An exact copy of every entry below is needed.

• Scraped caption text data:
- - -

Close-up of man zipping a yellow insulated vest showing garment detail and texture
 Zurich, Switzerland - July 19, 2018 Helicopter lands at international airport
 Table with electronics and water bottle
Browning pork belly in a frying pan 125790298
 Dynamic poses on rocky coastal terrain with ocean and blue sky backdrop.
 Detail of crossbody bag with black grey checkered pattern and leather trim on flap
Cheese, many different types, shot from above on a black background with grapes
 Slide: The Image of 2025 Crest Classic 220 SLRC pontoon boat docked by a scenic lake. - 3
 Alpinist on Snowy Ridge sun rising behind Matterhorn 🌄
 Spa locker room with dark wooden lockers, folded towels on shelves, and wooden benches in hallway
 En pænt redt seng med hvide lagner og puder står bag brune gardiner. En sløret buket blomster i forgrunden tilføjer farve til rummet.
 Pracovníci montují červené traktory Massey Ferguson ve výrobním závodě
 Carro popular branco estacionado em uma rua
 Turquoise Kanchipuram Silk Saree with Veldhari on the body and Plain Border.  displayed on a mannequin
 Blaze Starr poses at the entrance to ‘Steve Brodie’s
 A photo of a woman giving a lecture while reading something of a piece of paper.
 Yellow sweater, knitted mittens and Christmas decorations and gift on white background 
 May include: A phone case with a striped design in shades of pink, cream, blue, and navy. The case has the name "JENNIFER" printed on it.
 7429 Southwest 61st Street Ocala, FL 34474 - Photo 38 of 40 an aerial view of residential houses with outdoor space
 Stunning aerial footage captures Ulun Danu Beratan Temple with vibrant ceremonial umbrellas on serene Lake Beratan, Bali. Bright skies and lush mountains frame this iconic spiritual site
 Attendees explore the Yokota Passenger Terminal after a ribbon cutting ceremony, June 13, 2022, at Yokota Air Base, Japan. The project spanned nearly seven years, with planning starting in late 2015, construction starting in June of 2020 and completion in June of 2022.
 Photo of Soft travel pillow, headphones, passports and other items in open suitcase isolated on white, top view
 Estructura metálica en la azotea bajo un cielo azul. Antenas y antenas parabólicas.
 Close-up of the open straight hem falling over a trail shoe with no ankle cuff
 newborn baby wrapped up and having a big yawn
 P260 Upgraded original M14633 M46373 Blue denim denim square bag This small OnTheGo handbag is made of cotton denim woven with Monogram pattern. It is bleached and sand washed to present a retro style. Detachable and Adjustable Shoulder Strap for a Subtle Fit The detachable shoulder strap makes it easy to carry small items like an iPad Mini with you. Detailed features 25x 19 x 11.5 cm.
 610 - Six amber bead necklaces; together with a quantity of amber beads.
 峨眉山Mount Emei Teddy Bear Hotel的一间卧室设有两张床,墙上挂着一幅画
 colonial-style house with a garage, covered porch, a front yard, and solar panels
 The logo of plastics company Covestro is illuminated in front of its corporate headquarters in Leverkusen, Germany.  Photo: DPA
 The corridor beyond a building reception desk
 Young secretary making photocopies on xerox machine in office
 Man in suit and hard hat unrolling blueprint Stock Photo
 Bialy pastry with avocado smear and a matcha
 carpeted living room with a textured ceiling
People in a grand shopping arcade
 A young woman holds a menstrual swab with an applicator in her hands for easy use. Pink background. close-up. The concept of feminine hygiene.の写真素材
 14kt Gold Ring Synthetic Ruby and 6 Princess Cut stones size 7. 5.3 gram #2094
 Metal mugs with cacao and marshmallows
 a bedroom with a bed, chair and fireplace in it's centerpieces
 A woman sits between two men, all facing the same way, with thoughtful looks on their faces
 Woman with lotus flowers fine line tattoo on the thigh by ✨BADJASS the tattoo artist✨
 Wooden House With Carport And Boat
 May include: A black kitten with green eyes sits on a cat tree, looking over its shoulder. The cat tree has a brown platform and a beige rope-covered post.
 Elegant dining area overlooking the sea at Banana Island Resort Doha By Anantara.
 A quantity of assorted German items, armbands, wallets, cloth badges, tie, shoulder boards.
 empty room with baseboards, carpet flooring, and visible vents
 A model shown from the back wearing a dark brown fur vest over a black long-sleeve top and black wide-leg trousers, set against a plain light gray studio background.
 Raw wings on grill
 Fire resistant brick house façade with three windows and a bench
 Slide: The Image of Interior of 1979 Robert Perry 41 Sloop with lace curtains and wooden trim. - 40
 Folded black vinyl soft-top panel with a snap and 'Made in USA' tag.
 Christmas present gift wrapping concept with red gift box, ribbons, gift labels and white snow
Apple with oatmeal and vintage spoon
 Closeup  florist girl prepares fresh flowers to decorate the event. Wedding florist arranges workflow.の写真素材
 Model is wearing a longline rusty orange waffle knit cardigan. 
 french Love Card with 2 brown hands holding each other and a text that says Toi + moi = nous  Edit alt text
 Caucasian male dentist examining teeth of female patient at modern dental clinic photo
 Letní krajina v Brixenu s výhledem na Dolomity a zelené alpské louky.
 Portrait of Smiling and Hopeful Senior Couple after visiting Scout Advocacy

- - -

• Task output:
Close-up of man zipping a yellow insulated vest showing garment detail and texture
 Zurich, Switzerland - July 19, 2018 Helicopter lands at international airport
 Table with electronics and water bottle
Browning pork belly in a frying pan 125790298
 Dynamic poses on rocky coastal terrain with ocean and blue sky backdrop.
 Detail of crossbody bag with black grey checkered pattern and leather trim on flap
Cheese, many different types, shot from above on a black background with grapes
 Slide: The Image of 2025 Crest Classic 220 SLRC pontoon boat docked by a scenic lake. - 3
 Alpinist on Snowy Ridge sun rising behind Matterhorn 🌄
 Spa locker room with dark wooden lockers, folded towels on shelves, and wooden benches in hallway
 En pænt redt seng med hvide lagner og puder står bag brune gardiner. En sløret buket blomster i forgrunden tilføjer farve til rummet.
 Pracovníci montují červené traktory Massey Ferguson ve výrobním závodě
 Carro popular branco estacionado em uma rua
 Turquoise Kanchipuram Silk Saree with Veldhari on the body and Plain Border.  displayed on a mannequin
 Blaze Starr poses at the entrance to ‘Steve Brodie’s
 A photo of a woman giving a lecture while reading something of a piece of paper.
 Yellow sweater, knitted mittens and Christmas decorations and gift on white background 
 May include: A phone case with a striped design in shades of pink, cream, blue, and navy. The case has the name "JENNIFER" printed on it.
 7429 Southwest 61st Street Ocala, FL 34474 - Photo 38 of 40 an aerial view of residential houses with outdoor space
 Stunning aerial footage captures Ulun Danu Beratan Temple with vibrant ceremonial umbrellas on serene Lake Beratan, Bali. Bright skies and lush mountains frame this iconic spiritual site
 Attendees explore the Yokota Passenger Terminal after a ribbon cutting ceremony, June 13, 2022, at Yokota Air Base, Japan. The project spanned nearly seven years, with planning starting in late 2015, construction starting in June of 2020 and completion in June of 2022.
 Photo of Soft travel pillow, headphones, passports and other items in open suitcase isolated on white, top view
 Estructura metálica en la azotea bajo un cielo azul. Antenas y antenas parabólicas.
 Close-up of the open straight hem falling over a trail shoe with no ankle cuff
 newborn baby wrapped up and having a big yawn
 P260 Upgraded original M14633 M46373 Blue denim denim square bag This small OnTheGo handbag is made of cotton denim woven with Monogram pattern. It is bleached and sand washed to present a retro style. Detachable and Adjustable Shoulder Strap for a Subtle Fit The detachable shoulder strap makes it easy to carry small items like an iPad Mini with you. Detailed features 25x 19 x 11.5 cm.
 610 - Six amber bead necklaces; together with a quantity of amber beads.
 峨眉山Mount Emei Teddy Bear Hotel的一间卧室设有两张床,墙上挂着一幅画
 colonial-style house with a garage, covered porch, a front yard, and solar panels
 The logo of plastics company Covestro is illuminated in front of its corporate headquarters in Leverkusen, Germany.  Photo: DPA
 The corridor beyond a building reception desk
 Young secretary making photocopies on xerox machine in office
 Man in suit and hard hat unrolling blueprint Stock Photo
 Bialy pastry with avocado smear and a matcha
 carpeted living room with a textured ceiling
People in a grand shopping arcade
 A young woman holds a menstrual swab with an applicator in her hands for easy use. Pink background. close-up. The concept of feminine hygiene.の写真素材
 14kt Gold Ring Synthetic Ruby and 6 Princess Cut stones size 7. 5.3 gram #2094
 Metal mugs with cacao and marshmallows
 a bedroom with a bed, chair and fireplace in it's centerpieces
 A woman sits between two men, all facing the same way, with thoughtful looks on their faces
 Woman with lotus flowers fine line tattoo on the thigh by ✨BADJASS the tattoo artist✨
 Wooden House With Carport And Boat
 May include: A black kitten with green eyes sits on a cat tree, looking over its shoulder. The cat tree has a brown platform and a beige rope-covered post.
 Elegant dining area overlooking the sea at Banana Island Resort Doha By Anantara.
 A quantity of assorted German items, armbands, wallets, cloth badges, tie, shoulder boards.
 empty room with baseboards, carpet flooring, and visible vents
 A model shown from the back wearing a dark brown fur vest over a black long-sleeve top and black wide-leg trousers, set against a plain light gray studio background.
 Raw wings on grill
 Fire resistant brick house façade with three windows and a bench
 Slide: The Image of Interior of 1979 Robert Perry 41 Sloop with lace curtains and wooden trim. - 40
 Folded black vinyl soft-top panel with a snap and 'Made in USA' tag.
 Christmas present gift wrapping concept with red gift box, ribbons, gift labels and white snow
Apple with oatmeal and vintage spoon
 Closeup  florist girl prepares fresh flowers to decorate the event. Wedding florist arranges workflow.の写真素材
 Model is wearing a longline rusty orange waffle knit cardigan. 
 french Love Card with 2 brown hands holding each other and a text that says Toi + moi = nous  Edit alt text
 Caucasian male dentist examining teeth of female patient at modern dental clinic photo
 Letní krajina v Brixenu s výhledem na Dolomity a zelené alpské louky.
 Portrait of Smiling and Hopeful Senior Couple after visiting Scout Advocacy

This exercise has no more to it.